Il quotidiano fornisce una ricostruzione diversa rispetto a quelle dei giorni scorsi. In cui si cita il sottosegretario Alfredo Mantovano, che ieri ha sostenuto proprio la consapevolezza della premier riguardo il fatto che nella telefonata c’era qualcosa che non tornava. Tutto parte da una lettera datata febbraio: il sottosegretario con delega ai servizi segreti avverte rispetto al rischio di ricevere contatti da cittadini russi che possono nascondersi dietro false identità. Per mettere in pericolo la sicurezza nazionale. Ovvero esattamente quello che è accaduto il 18 settembre. Il primo contatto è arrivato un paio di giorni prima.
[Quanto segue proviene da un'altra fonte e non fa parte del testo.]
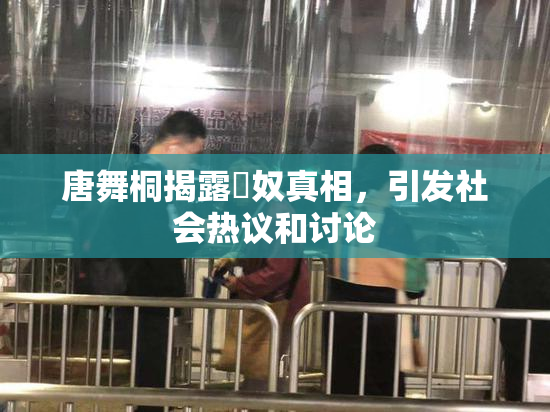 唐舞桐揭露婬奴真相，引发社会热议和讨论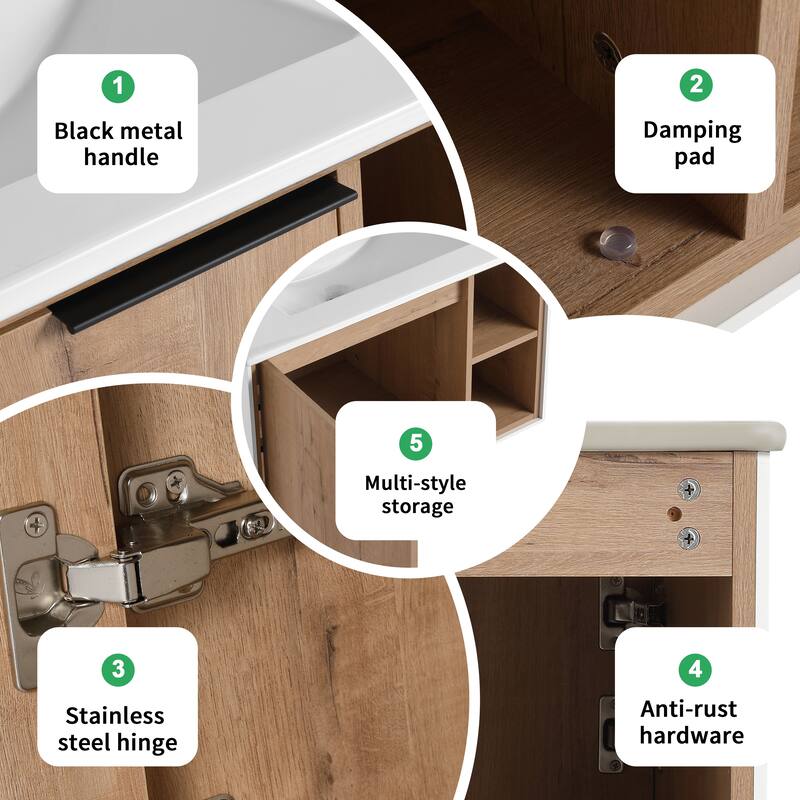 BNK 20"/24"/30" Single Sink Bathroom Vanity with Soft Close Door or Right Side Shelves, Modern Floating Vanity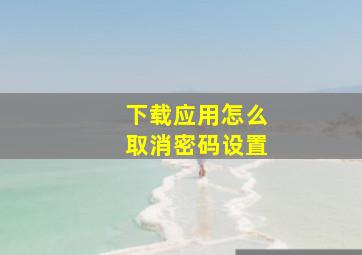 下载应用怎么取消密码设置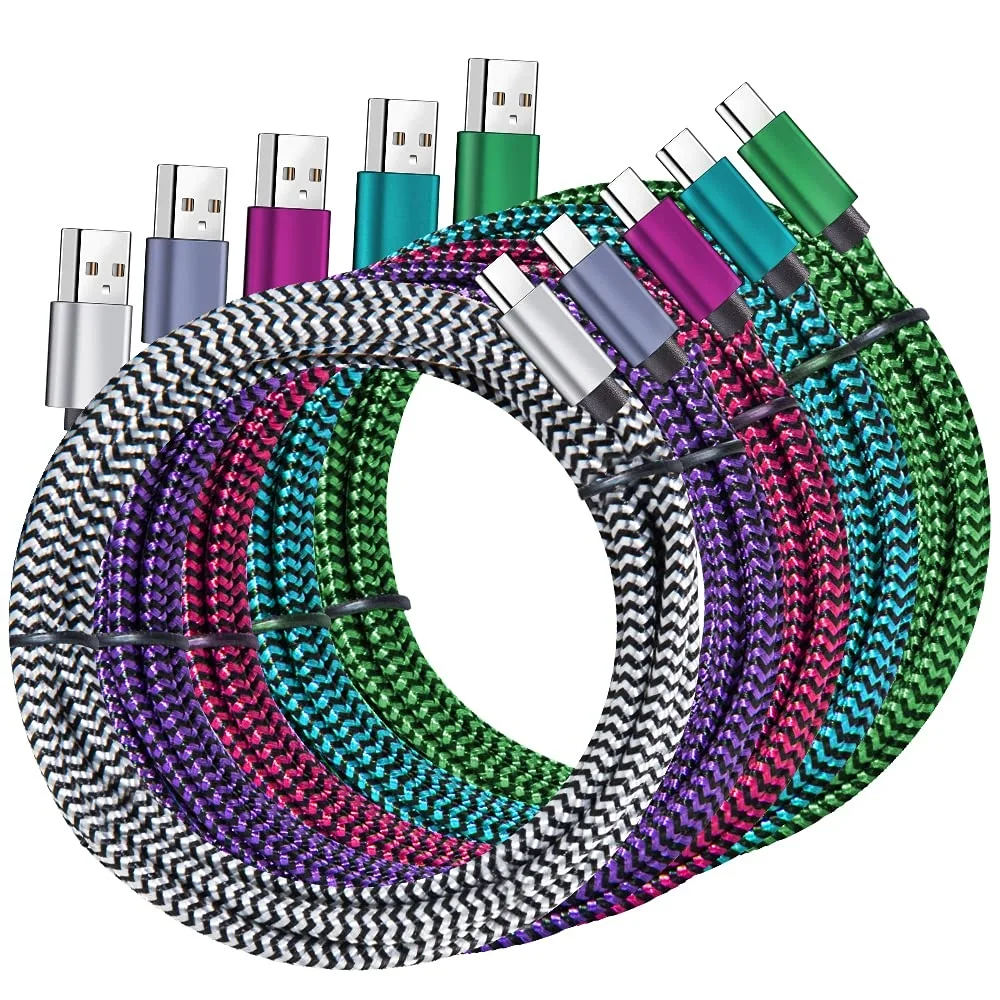 PISKEKAT PISKEKAT USB-C to USB-A 2.0 Cable 5-Pack 6FT Nylon Braided 3A 480Mbps 10000+ Bends — product photo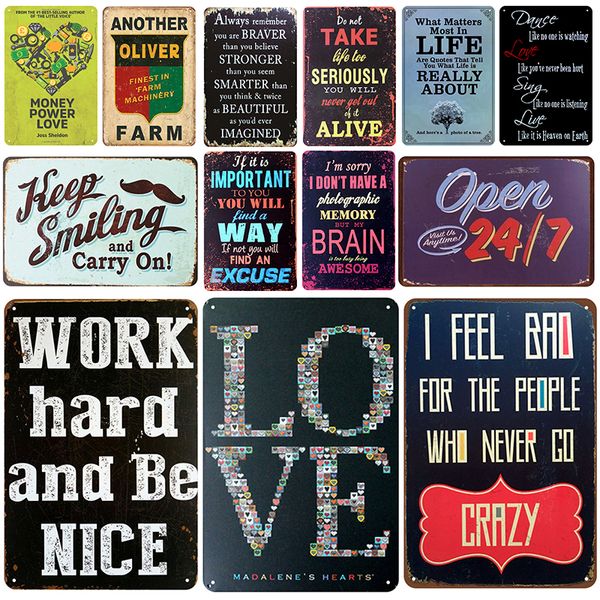 2021 Trabalho Duro Placa Metal Vintage Tin Sign Pin Up Wall Artimagem Decoração Chic Metal Sinais Vintage Bar Bar Metal Pôster Pub Placa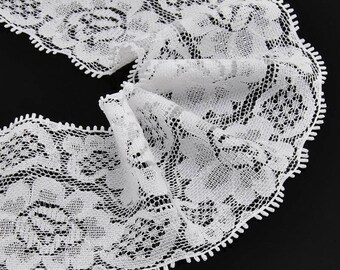 FIL74 - One meter of hollow flowers 9.2 x 5.2 cm m black cotton lace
Attraverso una mail, secondo fonti italiane. Con una telefonata, secondo quanto ha spiegato Lexus ieri a Otto e Mezzo. Nelle 48 ore successive c’è tutto il tempo per svolgere i controlli e verificare l’identità della persona che richiedeva un colloquio con la premier. Si poteva effettuare anche attraverso il coinvolgimento dell’ambasciatore Alberto Bertoni, che rappresenta l’Italia presso l’Unione Africana.


La reazione della premier

Ma a quanto pare nessuno lo chiama. Poi si arriva al giorno della telefonata. Meloni, scrive il quotidiano, si trova a New York per l’assemblea dell’Onu. In quel momento l’ufficio del consigliere diplomatico di Palazzo Chigi le passa la telefonata e inizia la conversazione durata 13 minuti. Nei giorni successivi chiede verifiche ma nessuno ammette l’errore. Poi l’audio finisce sul sito canadese e la reazione della premier, aggiunge il quotidiano, non è delle più miti. Arrivano le scuse di Talò. Intanto il deputato di Fratelli d’Italia Giovanni Donzelli dice al quotidiano che Meloni non ha fatto nessuna figuraccia: «Per gli impostori poteva essere un bel colpo. Ma è stato sparato a salve». Perché «lei ha detto le stesse cose che dice in pubblico. Comportandosi da leader vero in una telefonata finta».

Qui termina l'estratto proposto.